## Instructions to follow
If a record holds a picture, leave the picture out and copy everything else exactly.
##### Raw data #####
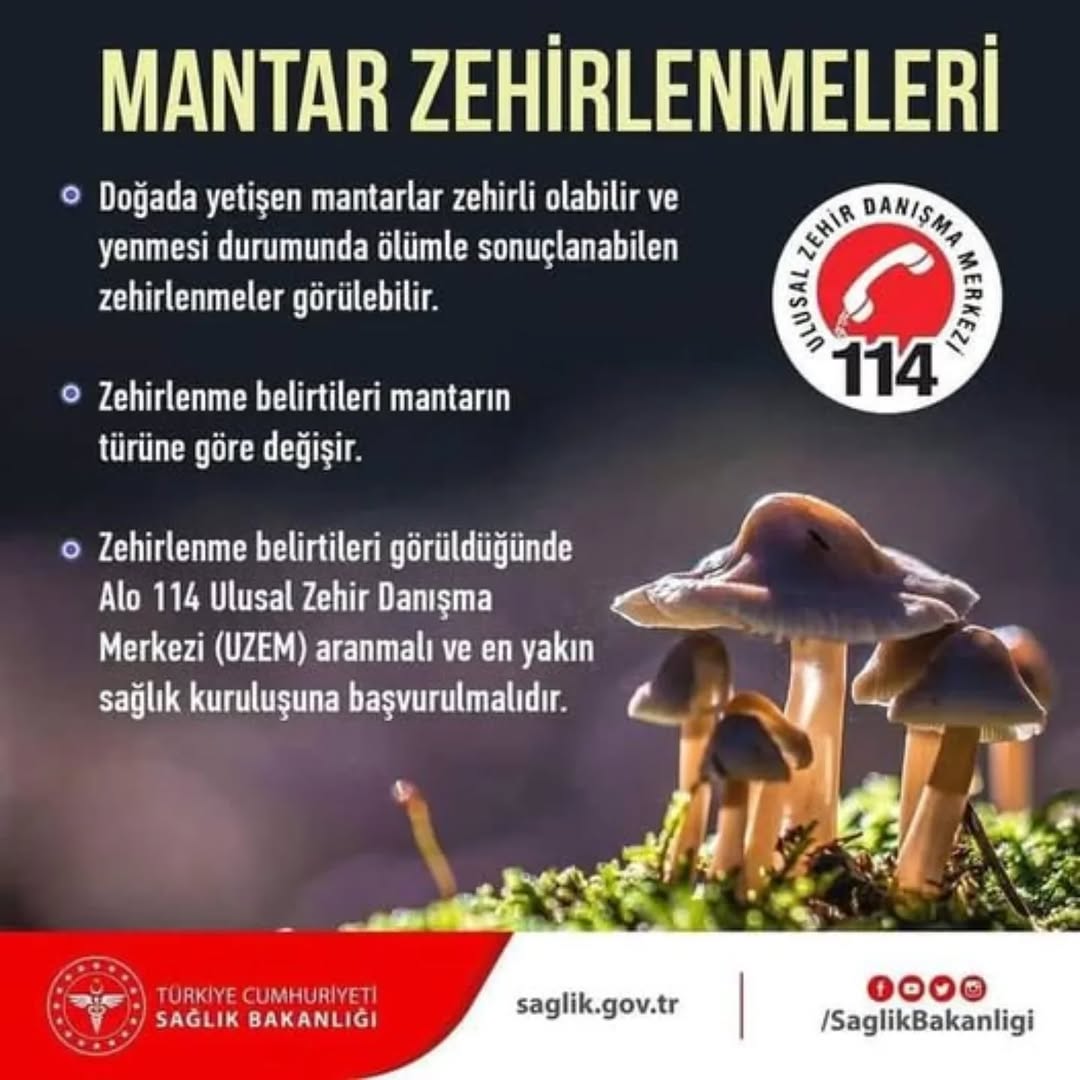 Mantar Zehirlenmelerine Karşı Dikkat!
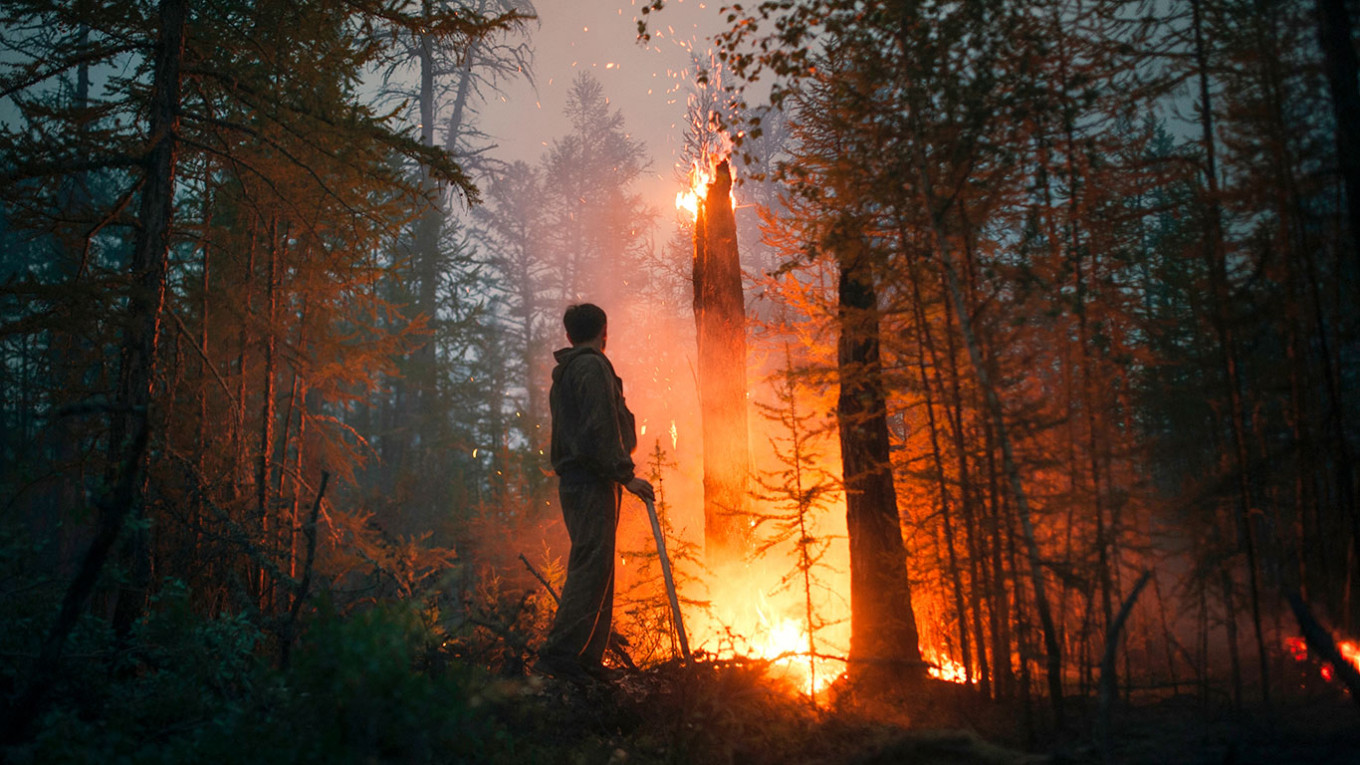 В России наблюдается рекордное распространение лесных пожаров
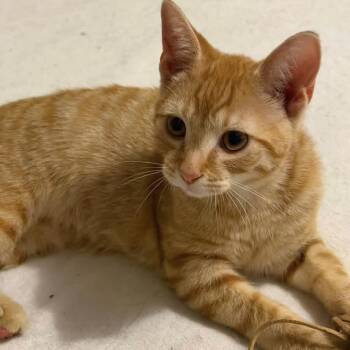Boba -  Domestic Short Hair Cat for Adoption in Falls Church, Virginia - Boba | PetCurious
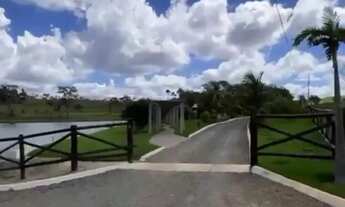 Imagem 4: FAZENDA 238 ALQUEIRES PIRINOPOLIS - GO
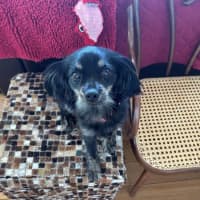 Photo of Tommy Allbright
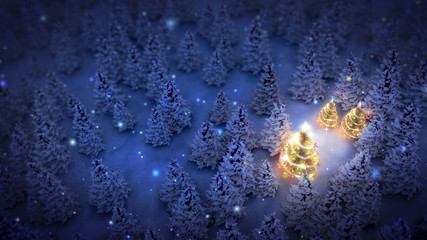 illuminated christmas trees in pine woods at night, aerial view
#####
## Worked solution
 Mantar Zehirlenmelerine Karşı Dikkat!
 В России наблюдается рекордное распространение лесных пожаров
Boba -  Domestic Short Hair Cat for Adoption in Falls Church, Virginia - Boba | PetCurious
 Imagem 4: FAZENDA 238 ALQUEIRES PIRINOPOLIS - GO
 Photo of Tommy Allbright
 illuminated christmas trees in pine woods at night, aerial view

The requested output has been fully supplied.